Em comunicado, os comunistas sustentam que “independentemente da personalidade indicada”, a questão central reside nas condições e meios que serão mobilizados para responder aos múltiplos problemas existentes na área da administração interna.
Prioridades apontadas pelo PCP
O partido identifica como áreas críticas:
- Valorização dos profissionais das forças de segurança;
- Melhoria das condições de trabalho;
- Reforço dos meios da Proteção Civil;
- Valorização dos bombeiros e das respetivas carreiras;
- Investimento na prevenção e preparação face a intempéries, incêndios e outras emergências;
- Salvaguarda dos direitos, liberdades e garantias.
Para o PCP, o foco deve incidir sobre as opções políticas concretas que o novo titular da pasta adotará nestes domínios estruturais.
Contexto da nomeação
A nomeação de Luís Neves foi aceite pelo Presidente da República, Marcelo Rebelo de Sousa, sob proposta do primeiro-ministro, Luís Montenegro.

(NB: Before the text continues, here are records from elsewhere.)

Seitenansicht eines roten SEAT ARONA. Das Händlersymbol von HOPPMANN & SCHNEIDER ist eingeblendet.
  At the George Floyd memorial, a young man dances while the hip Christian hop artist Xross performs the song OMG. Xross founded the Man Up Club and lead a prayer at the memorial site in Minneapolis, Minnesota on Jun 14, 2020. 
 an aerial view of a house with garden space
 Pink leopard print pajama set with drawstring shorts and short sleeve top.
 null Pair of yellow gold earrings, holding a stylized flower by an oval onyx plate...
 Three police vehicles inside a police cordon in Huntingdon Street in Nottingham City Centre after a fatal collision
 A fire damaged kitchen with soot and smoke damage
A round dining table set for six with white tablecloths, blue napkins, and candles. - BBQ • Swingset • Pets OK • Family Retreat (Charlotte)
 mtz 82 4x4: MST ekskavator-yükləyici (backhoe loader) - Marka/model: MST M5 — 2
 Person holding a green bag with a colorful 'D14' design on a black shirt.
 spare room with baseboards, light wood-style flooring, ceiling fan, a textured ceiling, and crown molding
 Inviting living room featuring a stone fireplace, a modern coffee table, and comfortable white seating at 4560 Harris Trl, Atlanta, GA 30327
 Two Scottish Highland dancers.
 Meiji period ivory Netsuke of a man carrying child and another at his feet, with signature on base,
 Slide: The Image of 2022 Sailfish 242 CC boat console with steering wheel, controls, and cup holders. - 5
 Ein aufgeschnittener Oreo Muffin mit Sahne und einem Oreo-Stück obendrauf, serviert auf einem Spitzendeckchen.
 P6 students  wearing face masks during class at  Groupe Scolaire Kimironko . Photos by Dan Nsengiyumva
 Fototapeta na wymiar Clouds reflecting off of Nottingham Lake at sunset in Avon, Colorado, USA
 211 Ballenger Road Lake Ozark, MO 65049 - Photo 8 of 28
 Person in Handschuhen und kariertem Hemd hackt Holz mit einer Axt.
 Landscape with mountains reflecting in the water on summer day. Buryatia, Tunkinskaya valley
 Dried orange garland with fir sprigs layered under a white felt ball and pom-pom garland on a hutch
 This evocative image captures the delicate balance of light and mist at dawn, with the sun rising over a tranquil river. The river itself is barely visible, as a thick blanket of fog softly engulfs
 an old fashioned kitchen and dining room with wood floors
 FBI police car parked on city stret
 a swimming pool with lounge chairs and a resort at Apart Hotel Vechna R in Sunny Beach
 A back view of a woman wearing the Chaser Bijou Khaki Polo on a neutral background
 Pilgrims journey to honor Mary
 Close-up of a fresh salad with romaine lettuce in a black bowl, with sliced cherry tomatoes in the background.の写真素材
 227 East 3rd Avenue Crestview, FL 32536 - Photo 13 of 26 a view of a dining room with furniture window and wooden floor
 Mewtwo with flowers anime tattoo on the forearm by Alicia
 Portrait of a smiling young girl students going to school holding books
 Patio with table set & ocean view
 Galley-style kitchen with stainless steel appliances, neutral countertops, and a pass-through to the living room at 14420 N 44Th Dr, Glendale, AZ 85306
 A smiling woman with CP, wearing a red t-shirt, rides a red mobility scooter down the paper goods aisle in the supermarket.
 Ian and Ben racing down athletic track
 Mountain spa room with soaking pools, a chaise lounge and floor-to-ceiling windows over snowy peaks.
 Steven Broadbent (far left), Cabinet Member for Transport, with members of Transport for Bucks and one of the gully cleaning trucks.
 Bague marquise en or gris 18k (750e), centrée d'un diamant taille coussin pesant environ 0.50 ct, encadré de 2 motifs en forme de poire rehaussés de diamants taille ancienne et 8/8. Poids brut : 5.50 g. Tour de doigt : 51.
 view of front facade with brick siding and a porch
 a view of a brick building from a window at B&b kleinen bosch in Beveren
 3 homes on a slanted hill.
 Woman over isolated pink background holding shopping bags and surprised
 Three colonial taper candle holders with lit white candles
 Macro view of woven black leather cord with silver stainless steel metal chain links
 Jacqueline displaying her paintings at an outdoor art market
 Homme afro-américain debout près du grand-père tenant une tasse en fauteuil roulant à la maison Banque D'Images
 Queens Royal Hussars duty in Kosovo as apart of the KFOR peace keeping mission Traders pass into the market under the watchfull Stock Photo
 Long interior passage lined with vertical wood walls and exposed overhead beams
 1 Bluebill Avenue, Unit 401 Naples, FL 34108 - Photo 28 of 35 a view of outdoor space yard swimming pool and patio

O novo ministro substitui Maria Lúcia Amaral, que se demitiu das funções. A tomada de posse está marcada para as 10h00 de segunda-feira, no Palácio de Belém.
Luís Neves dirige a Polícia Judiciária desde 2018 e tem uma carreira de quase três décadas na investigação criminal, com experiência nas áreas do crime violento e organizado, terrorismo e extremismo violento.